Salerno

La Salernitana è intenzionata a rinforzarsi al mercato di riparazione invernale. Lo vuole la società, lo staff tecnico e lo vogliono soprattutto i tifosi. Gli obiettivi della squadra granata, sbandierati alla vigilia del mercato estivo, di un ridimensionamento del progetto e di una salvezza tranquilla, sono stati riposti in un cassetto. L'esonero di Bollini ne è stata la dimostrazione. Una squadra al centro classifica con l'obiettivo in linea col cammino della formazione alla guida dell' ex tecnico granata, non avrebbe giustificato il duro provvedimento.

L'arrivo di Colantuono cambia gli obiettivi

Si è voluta alzare l'asticella, con l'ingaggio di un allenatore come Colantuono, dalla grande esperienza e con ingaggio abbastanza importante. Inoltre le frequenti dichiarazioni dei presidenti Lotito e Mezzaroma e del ds Angelo Fabiani hanno chiaramente lasciato intendere che la squadra non ha reso col tecnico di Poggio Rusco secondo le aspettative. E così, via con il cambio della guida tecnica. Le tre gare giocate con Colantuono, una vittoria a Chiavari e due sconfitte, pesanti contro Foggia (in casa) e Palermo (fuori), hanno evidenziato le maggiori lacune nella squadra, in parte nascoste nella vecchia gestione tecnica con grandi prove di carattere, che hanno consentito di ribaltare situazioni abbastanza compromesse nel risultato.

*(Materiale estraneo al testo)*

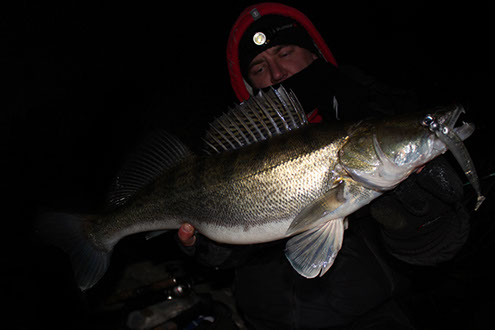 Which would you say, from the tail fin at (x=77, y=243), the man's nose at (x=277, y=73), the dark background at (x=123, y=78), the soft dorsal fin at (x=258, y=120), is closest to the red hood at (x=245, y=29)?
the man's nose at (x=277, y=73)

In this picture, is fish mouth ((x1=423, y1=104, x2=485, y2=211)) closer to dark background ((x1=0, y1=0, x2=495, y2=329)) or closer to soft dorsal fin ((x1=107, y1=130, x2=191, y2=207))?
soft dorsal fin ((x1=107, y1=130, x2=191, y2=207))

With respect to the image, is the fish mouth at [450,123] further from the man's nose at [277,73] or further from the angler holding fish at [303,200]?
the man's nose at [277,73]

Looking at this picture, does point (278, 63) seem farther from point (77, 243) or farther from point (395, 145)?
point (77, 243)

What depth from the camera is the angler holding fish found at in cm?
113

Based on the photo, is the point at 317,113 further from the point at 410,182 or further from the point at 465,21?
the point at 465,21

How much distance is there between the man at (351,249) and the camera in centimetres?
142

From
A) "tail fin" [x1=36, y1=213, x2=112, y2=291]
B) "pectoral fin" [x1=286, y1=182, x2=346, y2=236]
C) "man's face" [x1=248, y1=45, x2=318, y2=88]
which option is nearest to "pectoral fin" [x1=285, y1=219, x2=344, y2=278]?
"pectoral fin" [x1=286, y1=182, x2=346, y2=236]

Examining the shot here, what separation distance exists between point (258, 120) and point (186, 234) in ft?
2.79

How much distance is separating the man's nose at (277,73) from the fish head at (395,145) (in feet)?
3.87

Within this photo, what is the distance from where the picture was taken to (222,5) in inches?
447

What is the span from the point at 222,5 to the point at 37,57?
8725 millimetres

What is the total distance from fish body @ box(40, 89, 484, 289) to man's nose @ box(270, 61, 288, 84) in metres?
0.91

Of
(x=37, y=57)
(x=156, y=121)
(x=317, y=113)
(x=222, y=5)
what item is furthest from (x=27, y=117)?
(x=222, y=5)

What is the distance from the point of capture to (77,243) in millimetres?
1646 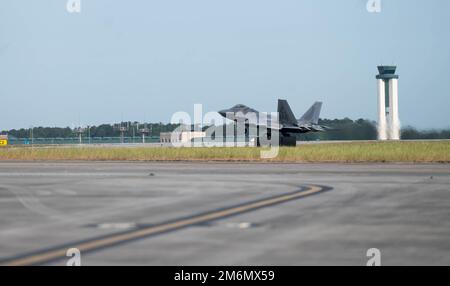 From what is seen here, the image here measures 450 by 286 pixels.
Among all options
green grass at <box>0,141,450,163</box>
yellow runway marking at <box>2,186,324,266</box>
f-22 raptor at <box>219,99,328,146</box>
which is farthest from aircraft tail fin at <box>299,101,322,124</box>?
yellow runway marking at <box>2,186,324,266</box>

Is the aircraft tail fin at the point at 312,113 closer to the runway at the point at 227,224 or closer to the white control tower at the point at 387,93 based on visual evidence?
the white control tower at the point at 387,93

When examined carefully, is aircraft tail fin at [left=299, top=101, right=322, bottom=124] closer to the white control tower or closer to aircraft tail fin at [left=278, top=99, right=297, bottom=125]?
aircraft tail fin at [left=278, top=99, right=297, bottom=125]

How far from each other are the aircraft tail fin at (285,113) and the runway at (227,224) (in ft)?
168

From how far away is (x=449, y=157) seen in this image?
41.6 m

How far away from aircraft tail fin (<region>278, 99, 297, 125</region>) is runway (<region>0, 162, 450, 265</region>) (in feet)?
168

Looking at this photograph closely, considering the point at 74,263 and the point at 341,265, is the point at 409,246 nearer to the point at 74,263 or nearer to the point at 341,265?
the point at 341,265

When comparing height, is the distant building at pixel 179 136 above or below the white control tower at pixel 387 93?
below

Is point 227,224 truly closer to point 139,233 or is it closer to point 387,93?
point 139,233

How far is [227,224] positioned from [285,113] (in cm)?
6090

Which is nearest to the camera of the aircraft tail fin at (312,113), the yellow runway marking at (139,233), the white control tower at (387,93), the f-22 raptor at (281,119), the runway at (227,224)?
the yellow runway marking at (139,233)

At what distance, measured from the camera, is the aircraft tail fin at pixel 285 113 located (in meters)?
71.5

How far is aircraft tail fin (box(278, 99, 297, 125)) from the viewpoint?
7150 centimetres

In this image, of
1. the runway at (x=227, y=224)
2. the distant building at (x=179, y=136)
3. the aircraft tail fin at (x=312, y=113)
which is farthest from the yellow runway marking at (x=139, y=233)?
the distant building at (x=179, y=136)

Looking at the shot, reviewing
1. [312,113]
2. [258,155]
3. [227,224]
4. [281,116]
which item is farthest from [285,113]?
[227,224]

Il neo tecnico non ha la bacchetta magica, ma...

Insomma, paradossalmente, pur considerando che Colantuono non ha la bacchetta magica, la squadra finora non ha tratto alcun giovamento dal cambio di panchina. Certo, dopo tre gare, il neo trainer ha potuto già valutare in qualche modo il tasso tecnico della squadra e individuare dove intervenire in sede di mercato. Finora si parla innanzitutto di cessioni. Bisogna sfoltire la rosa costituita da troppi over 23, che non rientrano più nei piani della Salernitana. Solo successivamente si potrà operare in entrata. Società e dirigenza hanno progetti ambiziosi. L'obiettivo play-off è alla portata, bisogna saper attendere.